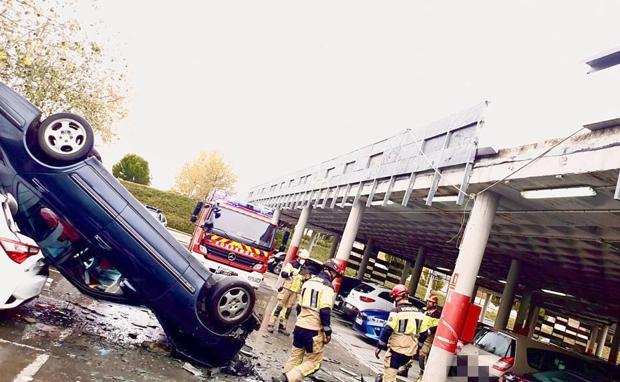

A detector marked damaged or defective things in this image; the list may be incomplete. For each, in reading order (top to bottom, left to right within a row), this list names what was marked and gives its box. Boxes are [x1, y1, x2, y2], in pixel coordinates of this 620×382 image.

overturned dark car [0, 83, 258, 364]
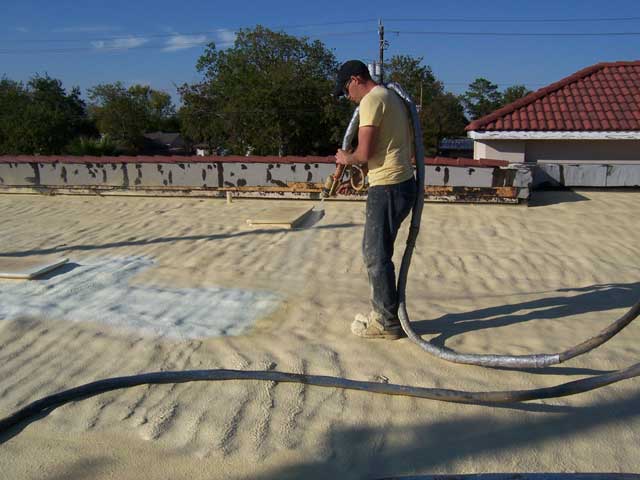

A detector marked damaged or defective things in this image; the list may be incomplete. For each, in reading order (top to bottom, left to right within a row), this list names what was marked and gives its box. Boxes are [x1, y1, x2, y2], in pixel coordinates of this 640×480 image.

rusted parapet edge [0, 185, 524, 203]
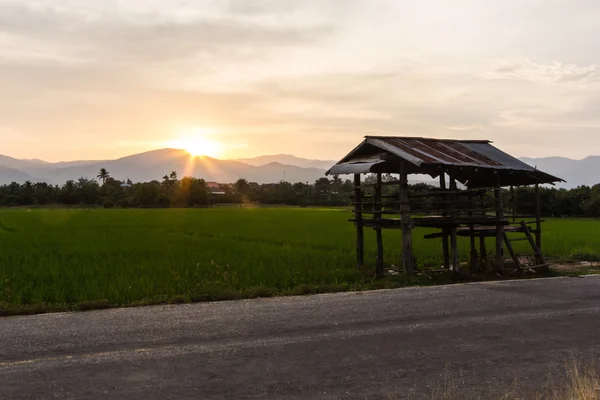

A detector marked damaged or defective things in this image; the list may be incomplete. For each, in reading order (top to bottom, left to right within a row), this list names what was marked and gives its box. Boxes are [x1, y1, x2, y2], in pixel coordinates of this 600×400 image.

rusty metal roof [326, 137, 564, 187]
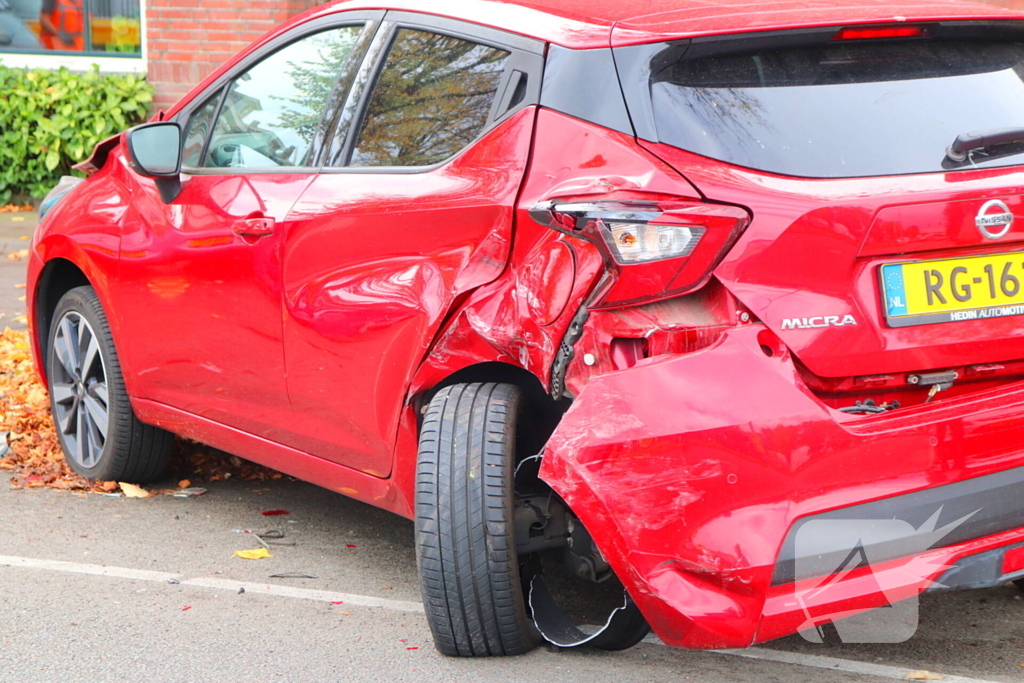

Problem details
Please transcribe exactly the lines from the one containing "this 600×400 image." through the final line of the data, including both, and nothing else. Pictures are to be left out.

Result below
A detector marked damaged or defective things in this image; the list may be incomplete. For each, in reading order (top to bottom, left to right within a row), this list names what was marked and gives its box. Boxes are [x1, y1, x2, y2], in pixel coordinates of this 600×400 image.

rusty metal roof [326, 137, 564, 187]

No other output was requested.